When testing async systems, use polling with a timeout instead of time.sleep():

import time

def wait_for_condition(check_fn, timeout=30, interval=1):
    """Poll a condition until it's true or timeout."""
    deadline = time.time() + timeout
    last_error = None
    while time.time() < deadline:
        try:
            result = check_fn()
            if result:
                return result
        except Exception as e:
            last_error = e
        time.sleep(interval)
    raise TimeoutError(
        f"Condition not met within {timeout}s.
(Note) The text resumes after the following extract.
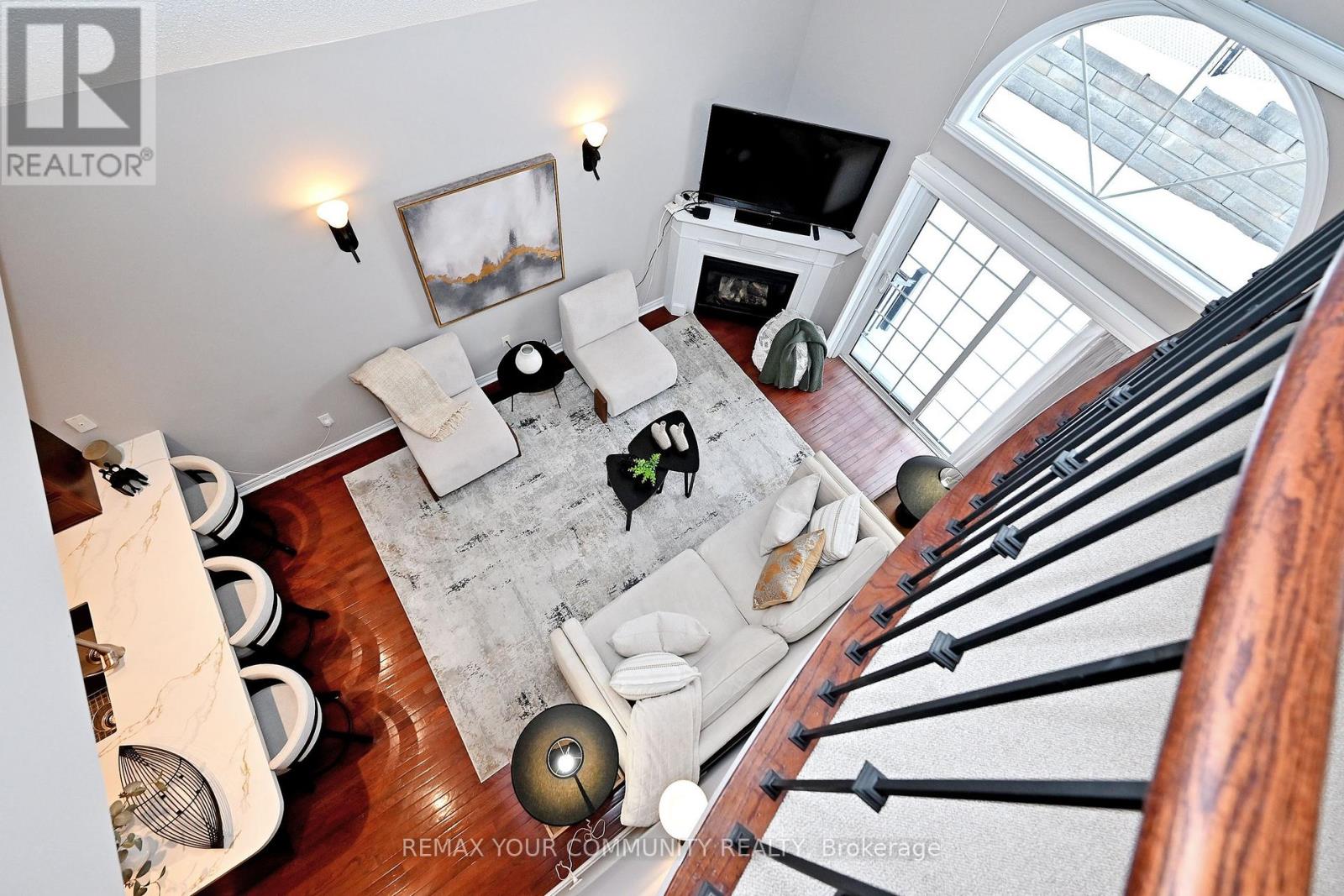 635 Tapestry photo 4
Last error: {last_error}"
    )

# Usage:
def test_async_processing():
    publish_event({"orderId": "ORD-123"})

    # Poll DynamoDB until the order appears
    def check_order_processed():
        item = dynamodb.get_item(TableName="orders", Key={"orderId": {"S": "ORD-123"}})
        return item.get("Item", {}).get("status", {}).get("S") == "processed"

    wait_for_condition(check_order_processed, timeout=30)

The Observer Pattern

For complex event flows, attach a test observer that captures events for later assertion:

class EventObserver:
    """Captures events for testing by subscribing to the event stream."""

    def __init__(self, sqs_client, queue_name="test-observer"):
        self.sqs = sqs_client
        self.queue = sqs_client.create_queue(QueueName=queue_name)
        self.queue_url = self.queue["QueueUrl"]
        self.captured = []

    def drain(self, timeout=10):
        """Collect all messages received within the timeout period."""
        deadline = time.time() + timeout
        while time.time() < deadline:
            msgs = self.sqs.receive_message(
                QueueUrl=self.queue_url,
                WaitTimeSeconds=min(5, int(deadline - time.time())),
                MaxNumberOfMessages=10,
            )
            for msg in msgs.get("Messages", []):
                self.captured.append(json.loads(msg["Body"]))
                self.sqs.delete_message(
                    QueueUrl=self.queue_url,
                    ReceiptHandle=msg["ReceiptHandle"],
                )
        return self.captured

    def assert_received(self, event_type, count=1):
        """Assert that a specific event type was received."""
        matching = [e for e in self.captured if e.get("eventType") == event_type]
        assert len(matching) == count, \
            f"Expected {count} '{event_type}' events, found {len(matching)}"

These patterns work across event systems -- SQS, EventBridge, Kafka, RabbitMQ. The specific API calls change, but the testing strategy remains the same: publish, observe, and verify state.